━━━━━ The data ━━━━━

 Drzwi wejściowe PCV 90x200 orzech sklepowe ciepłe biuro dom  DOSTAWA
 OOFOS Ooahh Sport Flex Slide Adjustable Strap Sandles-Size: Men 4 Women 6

━━━━━
━━━━━ The data ━━━━━

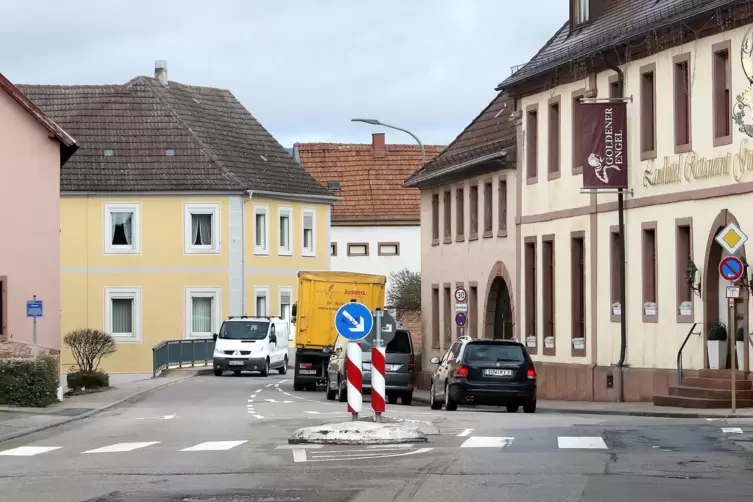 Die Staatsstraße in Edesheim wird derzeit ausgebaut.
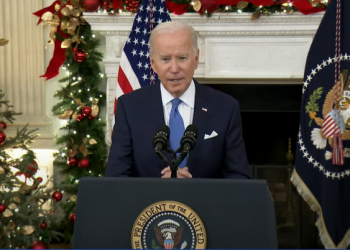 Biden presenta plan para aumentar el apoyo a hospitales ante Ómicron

━━━━━
━━━━━ The data ━━━━━

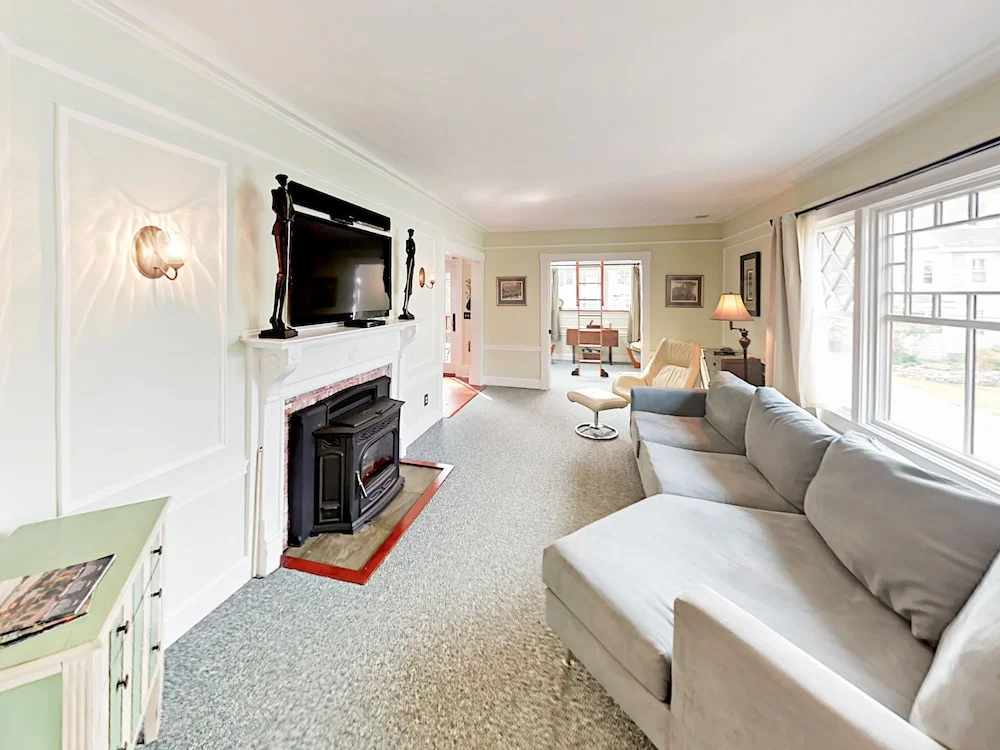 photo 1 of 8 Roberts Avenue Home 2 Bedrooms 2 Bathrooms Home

━━━━━

● Work request
Taking the entries above, write out exactly each line from the one holding "Drzwi wejściowe PCV" to the one holding "OOFOS Ooahh Sport", both included, and stop there.

● Solved exercise
 Drzwi wejściowe PCV 90x200 orzech sklepowe ciepłe biuro dom  DOSTAWA
 OOFOS Ooahh Sport Flex Slide Adjustable Strap Sandles-Size: Men 4 Women 6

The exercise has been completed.